• **Task details**
Apart from any images, the entries are to be output exactly.

• **Data extract**

▬▬▬▬▬▬▬▬▬▬

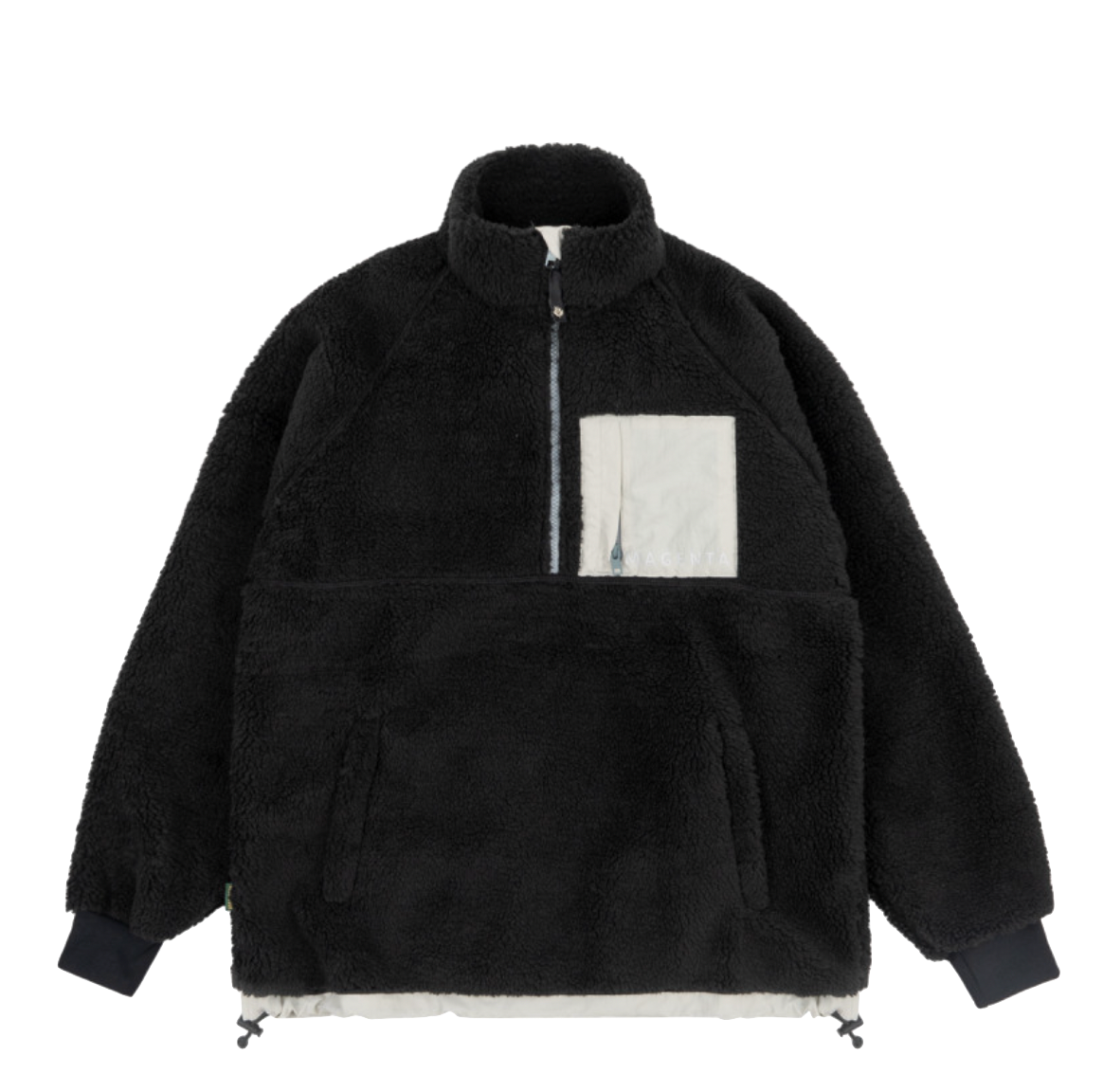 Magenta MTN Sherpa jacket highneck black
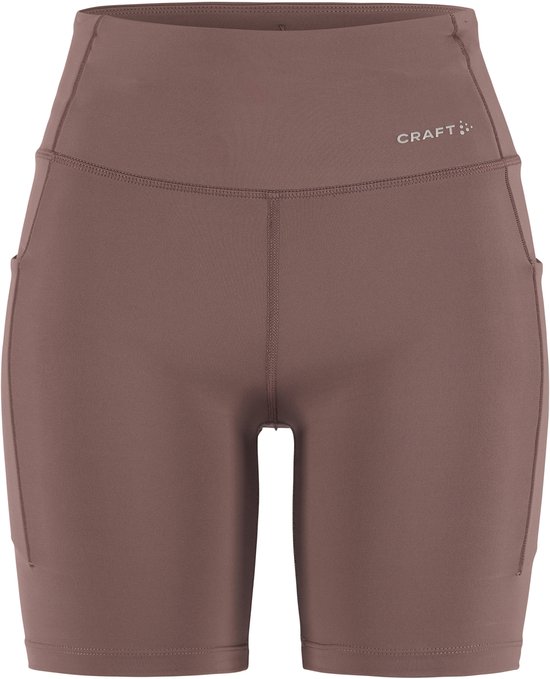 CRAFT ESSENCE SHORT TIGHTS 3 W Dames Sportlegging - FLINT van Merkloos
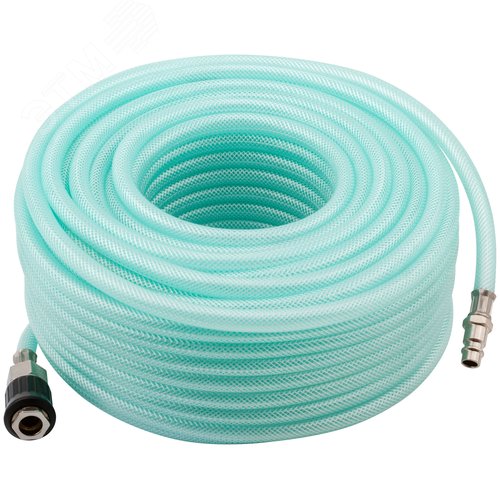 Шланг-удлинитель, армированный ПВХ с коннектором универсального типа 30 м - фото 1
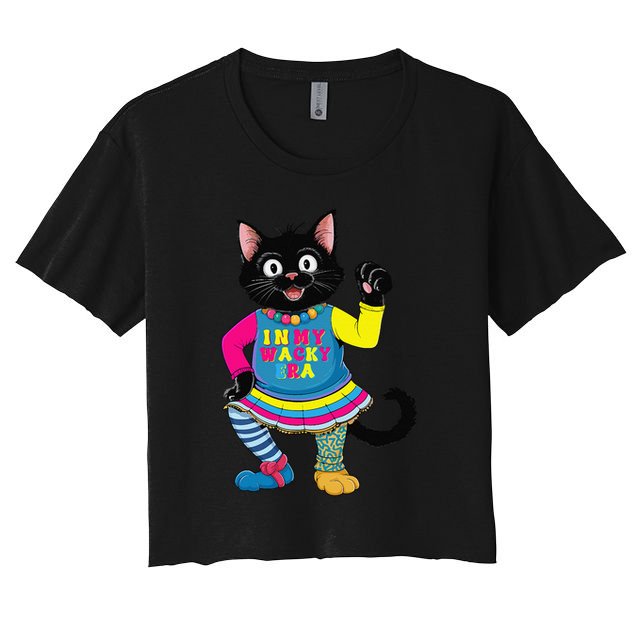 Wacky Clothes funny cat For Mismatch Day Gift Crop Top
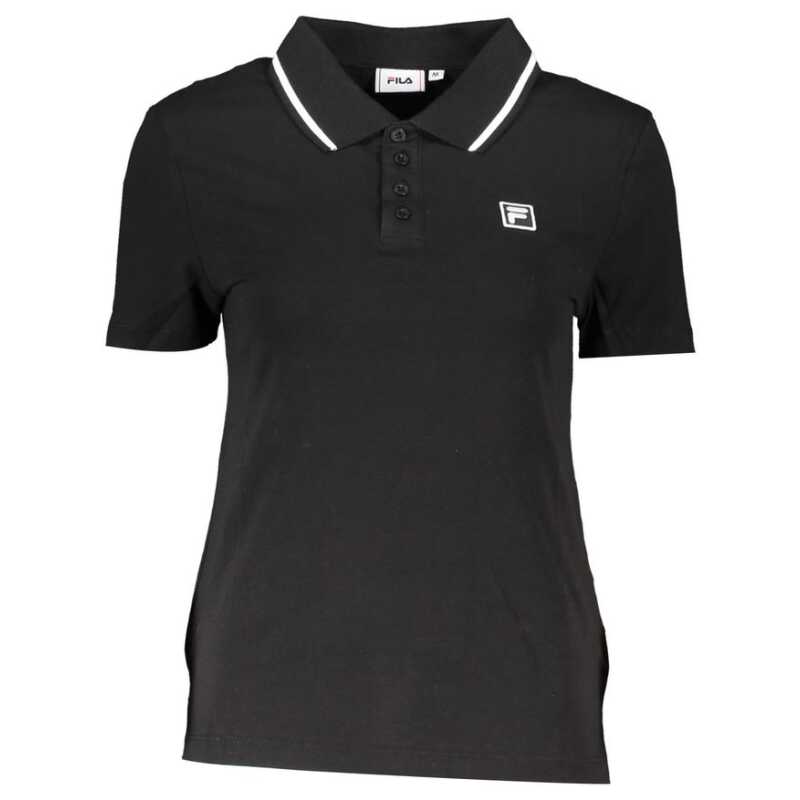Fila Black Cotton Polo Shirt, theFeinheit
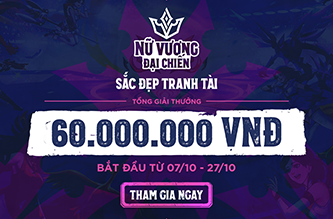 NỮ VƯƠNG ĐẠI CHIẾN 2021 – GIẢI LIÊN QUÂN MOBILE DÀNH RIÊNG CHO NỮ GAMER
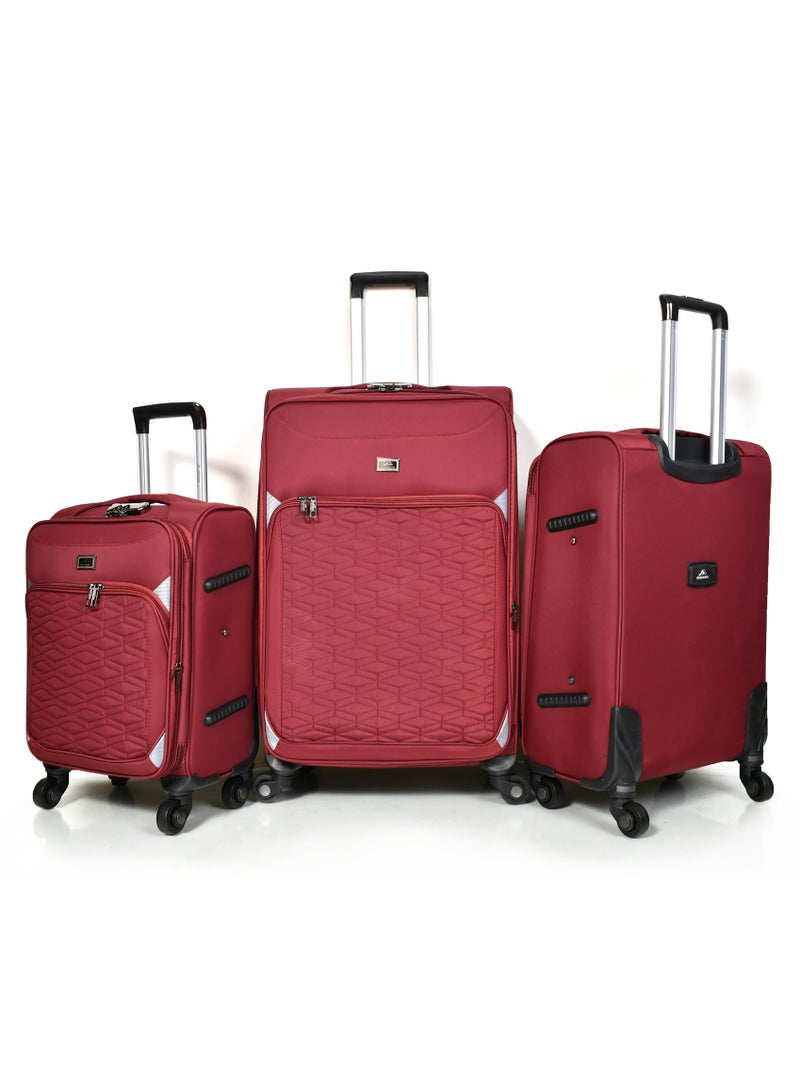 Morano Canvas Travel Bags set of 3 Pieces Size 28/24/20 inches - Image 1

▬▬▬▬▬▬▬▬▬▬

• **Expected answer**
 Magenta MTN Sherpa jacket highneck black
 CRAFT ESSENCE SHORT TIGHTS 3 W Dames Sportlegging - FLINT van Merkloos
 Шланг-удлинитель, армированный ПВХ с коннектором универсального типа 30 м - фото 1
 Wacky Clothes funny cat For Mismatch Day Gift Crop Top
Fila Black Cotton Polo Shirt, theFeinheit
 NỮ VƯƠNG ĐẠI CHIẾN 2021 – GIẢI LIÊN QUÂN MOBILE DÀNH RIÊNG CHO NỮ GAMER
 Morano Canvas Travel Bags set of 3 Pieces Size 28/24/20 inches - Image 1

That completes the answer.